Love Perfected in Us
Love is Perfected in Us
1 St. John 4:7-21
Last Sunday we began the Trinity Season by affirming the importance of our belief in the Holy Trinity—not just as an abstract set of sometimes hard to understand doctrinal propositions, but ultimately in the Holy Trinity as a person—or, more specifically as three persons united, one God: the Father, the Son, and the Holy Spirit. Last Sunday’s Gospel, the story of Nicodemus coming to Jesus by night and Jesus telling him that he needed to be born again of water and the Spirit—that Gospel showed us the three persons of the Trinity in action, together offering forgiveness and renewal: the Father electing and sending; the Son coming, dying, and rising again; and the Holy Spirit renewing, regenerating, and uniting us with Jesus.

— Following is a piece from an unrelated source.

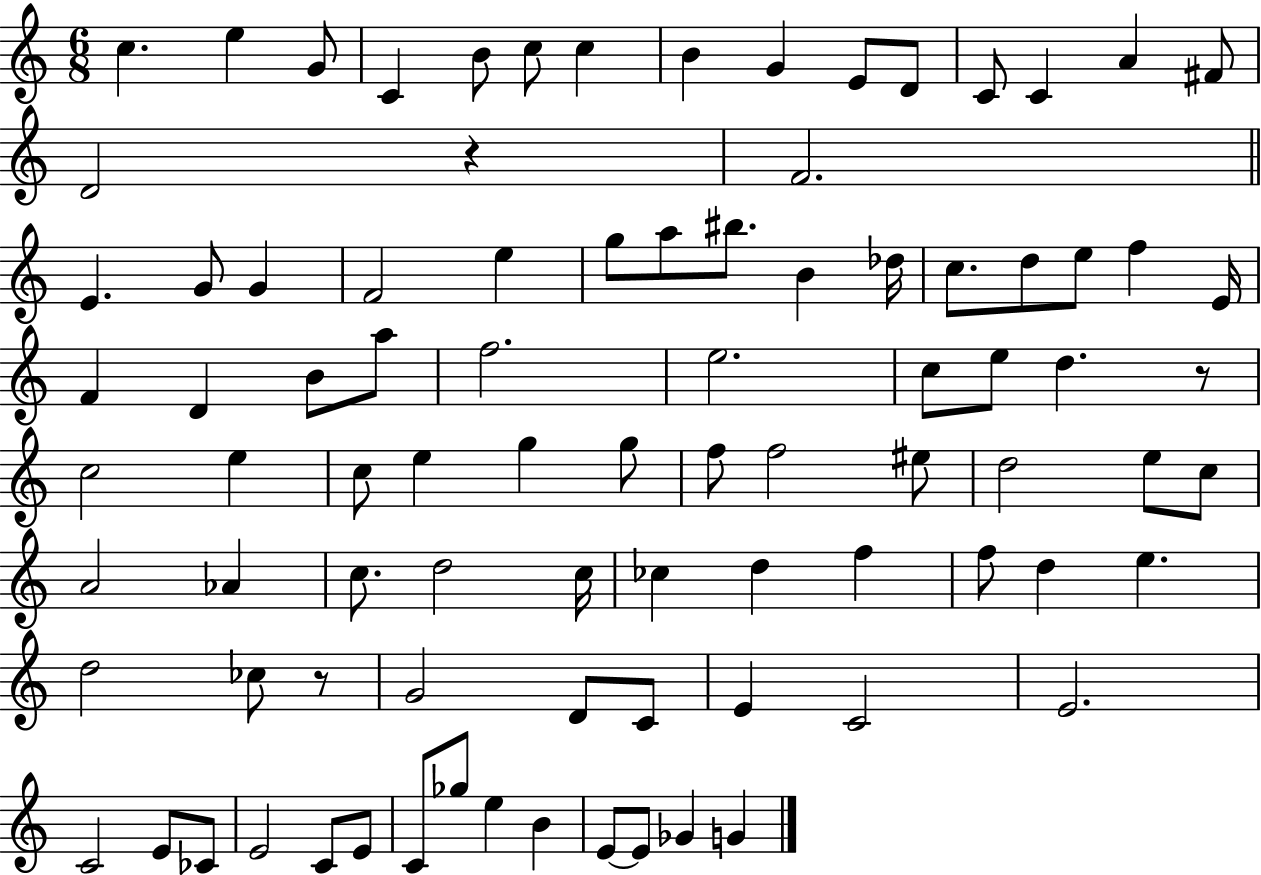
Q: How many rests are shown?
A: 3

And now this week our Epistle from the First John begins with words that are, if we really let them sink in, are utterly challenging and overwhelming: “Beloved, let us love one another, because love is from God, and everyone who loves is born of God and knows God. Whoever does not love does not know God, for God is love” (1 John 4:7-8). Alongside the Epistle the Church gives us the parable of the rich man and Lazarus in our Gospel. It was a parable spoken to Pharisees who had convinced themselves that certain types of people, people who stood under God’s condemnation, were unworthy of being shown love. And we’re prone to thinking that that’s not us. We could never be like that. But all too often we are. The situations and the people are different, but our response is sometimes just as unloving. Think of the last time you felt burning anger and hatred against someone. Think of the last time you complained about someone and maybe it was your spouse or your child or a friend or the Spirit himself who reminded you to forgive and you struggled with that reminder. Maybe you even squashed it into silence. Think of the last time you watched the news or listened to a politician or a political pundit ranting about the evils of so and so or of this or that group of people and you found yourself responding with hate. Love is a challenge. Sometimes it seems just plain impossible. And yet John tells us that not only are we as Christians called to love, he goes so far as to say that those who don’t love don’t know God.

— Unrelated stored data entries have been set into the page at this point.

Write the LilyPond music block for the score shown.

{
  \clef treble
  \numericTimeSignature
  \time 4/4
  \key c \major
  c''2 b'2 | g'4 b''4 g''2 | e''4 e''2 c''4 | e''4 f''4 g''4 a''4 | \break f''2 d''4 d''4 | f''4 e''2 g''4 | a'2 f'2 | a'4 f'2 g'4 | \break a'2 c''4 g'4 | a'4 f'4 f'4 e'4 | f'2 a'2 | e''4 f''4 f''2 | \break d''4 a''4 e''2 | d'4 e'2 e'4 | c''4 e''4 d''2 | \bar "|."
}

These verses fall right on the heels of what John says about false prophets. He warns: Lots of people claim the name of the Holy Spirit, but many of them are false prophets. John’s test is this: Do these people who claim to be followers of Jesus, do these people who claim to be united to him by the Spirit, do they confess that Jesus came in the flesh? Because if they don’t, they are not of God—whatever they may claim, they’re “anti-Christ”, they’re opposed to Jesus. And by asking if Jesus came in the flesh, what John is getting at is this whole story the Church has taken through over the first half of the year: Jesus as the divine Word incarnate in human flesh; Jesus innocent, but rejected, abused, and crucified; Jesus risen from the grave; Jesus vindicated by his Father and ascended to his throne—all for the sake of us sinners and the creation we’ve made such a mess of. There’s a reason we affirm that Jesus really did these things in the Creed. In the Creed we confess that Jesus has come in the flesh. Like the doctrine of the Trinity, we confess it with our mouths. But it’s more than an abstract set of doctrines to which we give our intellectual assent. In reciting these words we remind ourselves of the redeeming acts of God in history. And in them we recall God’s love for us. As we read in last Sunday’s Gospel: “God so loved the world that he gave his only begotten Son, that whosoever believeth in him should not perish but have everlasting life.”

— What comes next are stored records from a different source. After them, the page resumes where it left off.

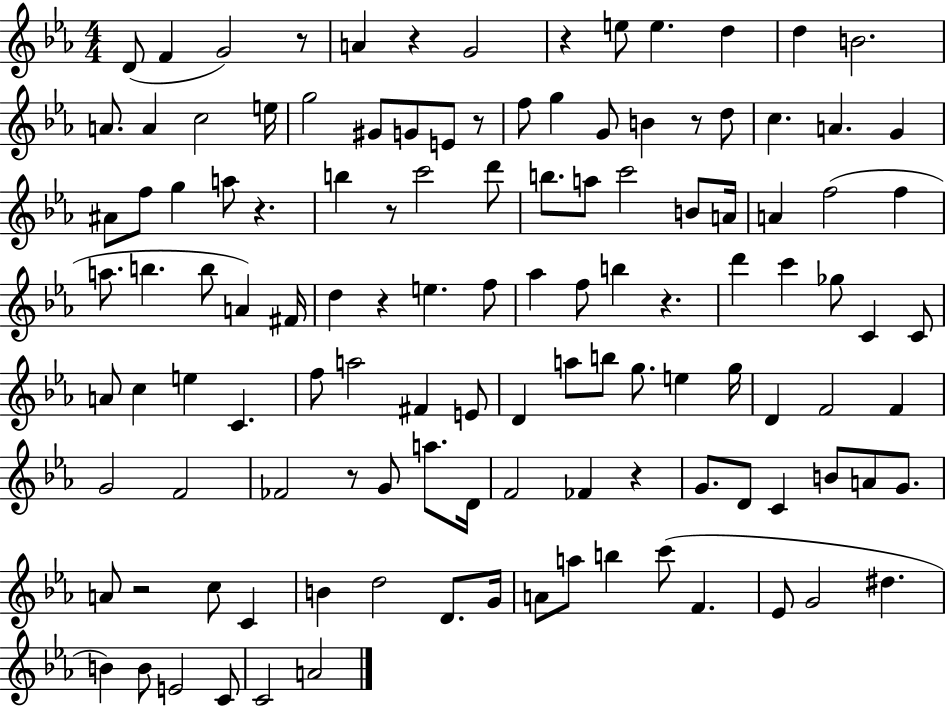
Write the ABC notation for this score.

X:1
T:Untitled
M:4/4
L:1/4
K:Eb
D/2 F G2 z/2 A z G2 z e/2 e d d B2 A/2 A c2 e/4 g2 ^G/2 G/2 E/2 z/2 f/2 g G/2 B z/2 d/2 c A G ^A/2 f/2 g a/2 z b z/2 c'2 d'/2 b/2 a/2 c'2 B/2 A/4 A f2 f a/2 b b/2 A ^F/4 d z e f/2 _a f/2 b z d' c' _g/2 C C/2 A/2 c e C f/2 a2 ^F E/2 D a/2 b/2 g/2 e g/4 D F2 F G2 F2 _F2 z/2 G/2 a/2 D/4 F2 _F z G/2 D/2 C B/2 A/2 G/2 A/2 z2 c/2 C B d2 D/2 G/4 A/2 a/2 b c'/2 F _E/2 G2 ^d B B/2 E2 C/2 C2 A2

Brothers and Sisters, Jesus reveals—especially, but not least, in his Incarnation and in his sacrificial death—that God is love. We may struggle with that. Some people get it backwards, turning love itself into a god. No. Love is not our god, but our God is love. And sometimes we struggle to wrap out minds around love itself. We struggle with the abusive parents or spouses who hurt us while saying they loved us and as a result the idea of love has been tainted in our minds. Or we think of the way our culture often speaks of love when what it’s really talking about is permissiveness and promiscuity—never speaking out against sin and evil, while affirming people in whatever they want to do like parents who refuse to discipline their kids and call it love.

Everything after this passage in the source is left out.